Sagen wir mal so, es gibt Teile in mir, die es begrüßen. Als Journalist hat man nach einer ordentlichen Recherche viele viele Statements, die man irgendwie kondensieren, sortieren, filtern und komprimieren muss. Wer nicht wirklich ganz tief in der Materie drinsteckt, wird hier fast zwangsläufig Fehler machen. Die Idee, dem Interviewten noch einmal die Teile zuzuschicken, die wortwörtlich zitiert werden sollen, ist dabei sehr hilfreich.
Letztes Beispiel (mit mir als Zitategeber) war ein Gespräch mit dem ORF Futurezone, fremde Kultur und fremde Sprache.
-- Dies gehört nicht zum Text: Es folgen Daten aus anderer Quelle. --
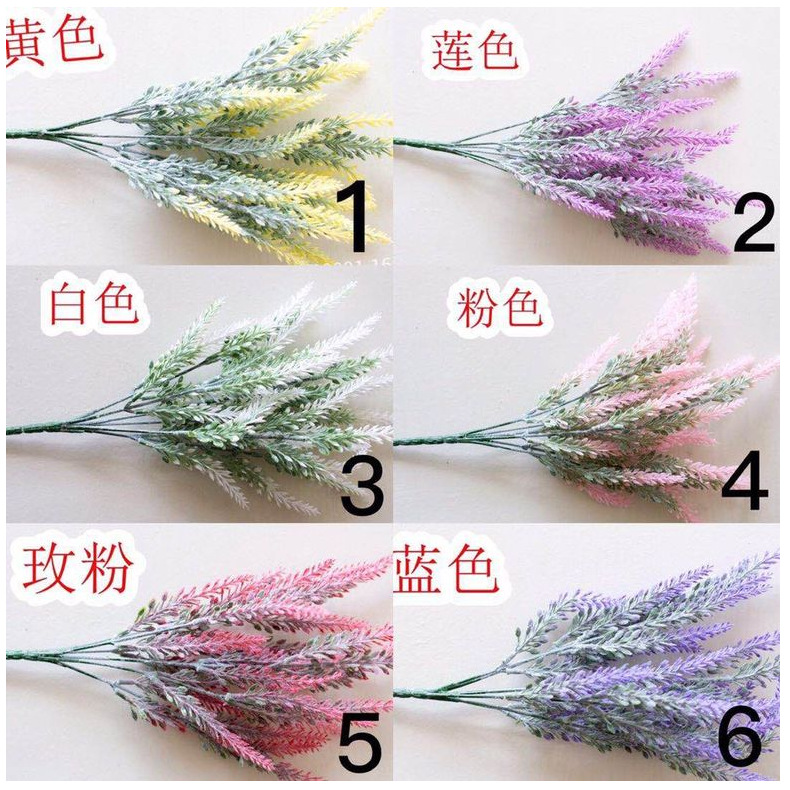 麦穗5叉植绒薰衣草仿真家居装饰植绒仿真植物人造花束仿真花批发详情14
Das Interview wurde am Telefon geführt und ging etwa 20 Minuten, am Ende hatte sie drei Zitate von mir, die sie gerne bringen wollte.
Das Resultat steht unter http://futurezone.orf.at/stories/1500668/
Auf die Dinge, die ich dort gesagt habe, kann ich nun festgenagelt und von dieser Mailingliste flambiert werden.
Einige Zeitungen gehen übrigens noch weiter. Ein Computermagazin schickt uns und allen erwähnten Firmen bei größeren Artikeln diese vorab mit einer angemessenen Reaktionszeit zu und wir können nicht nur Zitate, sondern auch alle anderen Teile kommentieren. Das ist dann die ganze Bandbreite von sprachlicher Ungenauigkeit bis fehlerhafter Darstellung. Die Redaktion entscheidet dann, ob sie unseren oder jeden anderen Einwand stichhaltig findet und korrigiert es. Das Resultat ist eine durchgängig erstklassige Qualität der Arbeit, auch dann, wenn man eben nicht mit den Schlussfolgerungen einverstanden ist. Es ist kein Widerspruch zu gutem Journalismus und kein Angriff auf die Pressefreiheit, dem Objekt seiner Berichterstattung die Gelegenheit zur Stellungnahme zu geben, bevor das Kind in den Brunnen fällt.